Moffat, LRF and WCoZ want the court to declare that the practice of child marriages not an essential element of the religious beliefs of Marange Apostolic Church of St. Johanne and the organizations represented by Apostolic Churches Council and deem it against the law. Human rights groups in Zimbabwe said are happy, for example, that Mozambique has since banned the Johanne Marange sect in that country over its doctrine promoting child marriages and disregarding health rights.

Stockholm Syndrome and double standards

Chokurongerwa, however, has many supporters — even among those who aren’t members. Despite well-documented cases of human rights abuses, Apostolic churches have remained widely popular in Zimbabwe where their membership cuts across all socio-economic classes.

This comes as the police are currently investigating the mysterious death of Professor Itai Muhwati, a dean at the University of Zimbabwe, who was one of Chokurongerwa’s disciples and whose family claim to have been buried alive at the Canaan shrine.

Many said they find the continued popularity of these sects baffling.

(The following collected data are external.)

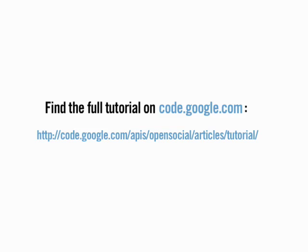For more information on what I just showed you, as well as information on the OpenSocial API, check out the tutorial on code.google.com under the OpenSocial section.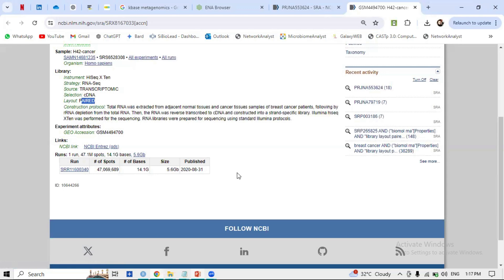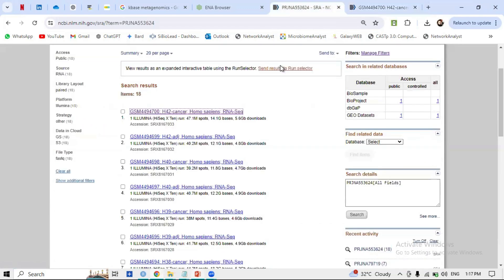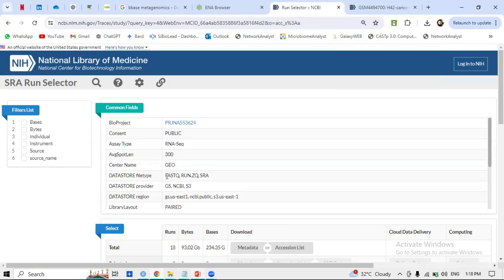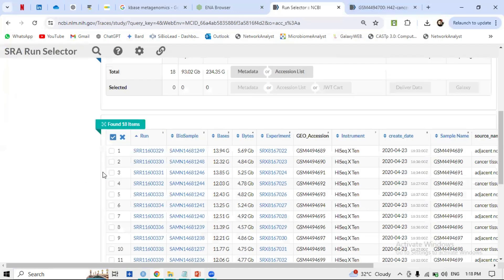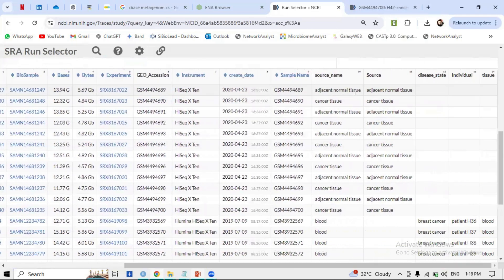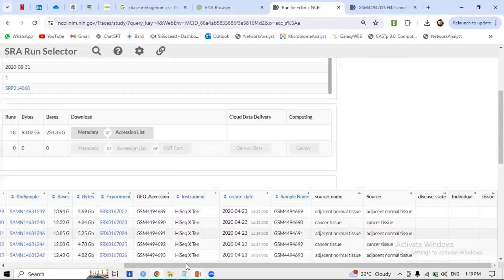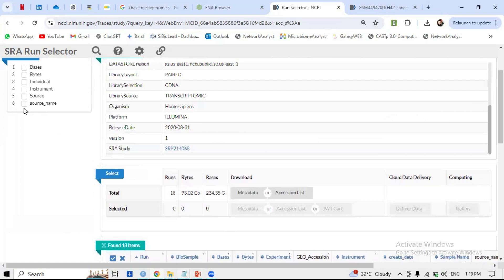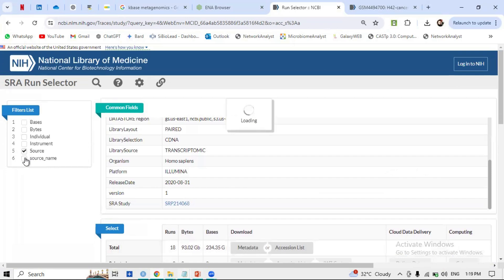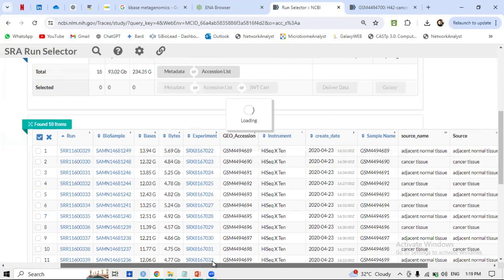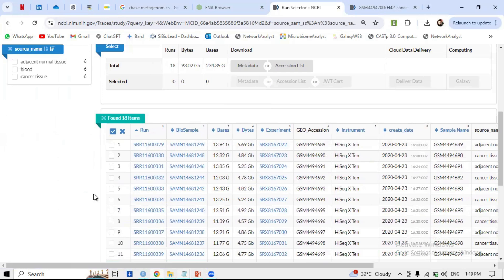To find out whether a sample is related to breast cancer or normal tissue, send it to the SRA Run Selector. The results confirm it is RNA-seq with paired files. Looking at the metadata: you can see normal tissue and cancer tissue. The source names include adjacent normal tissue and cancer tissue — a complete study design that you can explore and download.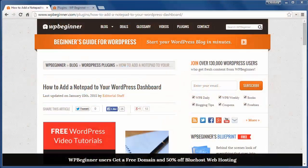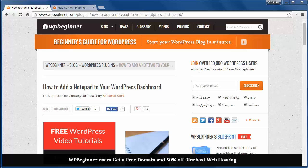Welcome to WPBeginner and thank you for watching. In today's video you'll learn how to add a notepad to your WordPress dashboard. If you've ever wanted to write a quick note to your other writers on your WordPress site, then this will work well for you.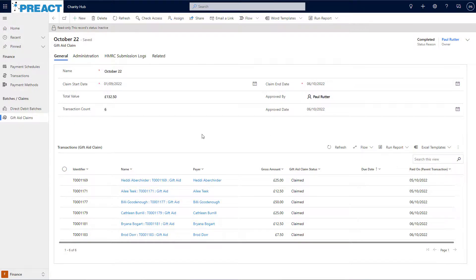This gives me complete visibility of every single claim and the transactions I claimed for directly within Charity Hub.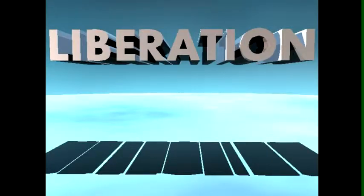Welcome to our introductory course on liberation. The word liberation means different things in different contexts. In the mineral processing context, liberation is the process whereby an ore particle, rock or boulder, is broken into finer particles so that the valuable component is accessible.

Cornelius Dudzai, an academic who has studied these Apostolic sects, said the continued popularity of these sects is best explained in terms of the Stockholm Syndrome.

“People continue to subscribe to abusive cults because of different reasons,” Dudzai said. “Firstly, Zimbabweans have been subjected to a culture of abuse and suffering to the extent that they have normalized such a status quo. To that effect, they consider abuse in churches as normal. The other thing is that in Christianity, people have been made to believe that they need to endure suffering so that they can see heaven. Suffering abuse in the church is therefore a form of qualifying for heaven. In summary, it is Stockholm Syndrome which makes people continue to be members of abusive cults.”

Despite the sect’s avowed stance against modern medical practices, Dudzai and his colleagues said with curiosity that the church’s leader, the late Taguta Momberume, had used corrective lenses for a long time, raising eyebrows about his own adherence to the church’s doctrine on faith healing.

“It is quite interesting to note that at the time of his death, Noah Taguta (Momberume) was putting on spectacles after experiencing eyesight problems for over a decade,” Dudzai and his colleagues noted in a study. “Believers believed that Noah Taguta might have got the spectacles at the recommendation of an optician. This is despite that church congregants were discouraged from seeking medical care at hospitals. It will therefore be significant for future research to establish how separate laws for leadership and general congregants are deployed in the church.”


Cyril Zenda is a Christian and an African journalist and writer based in Harare, Zimbabwe.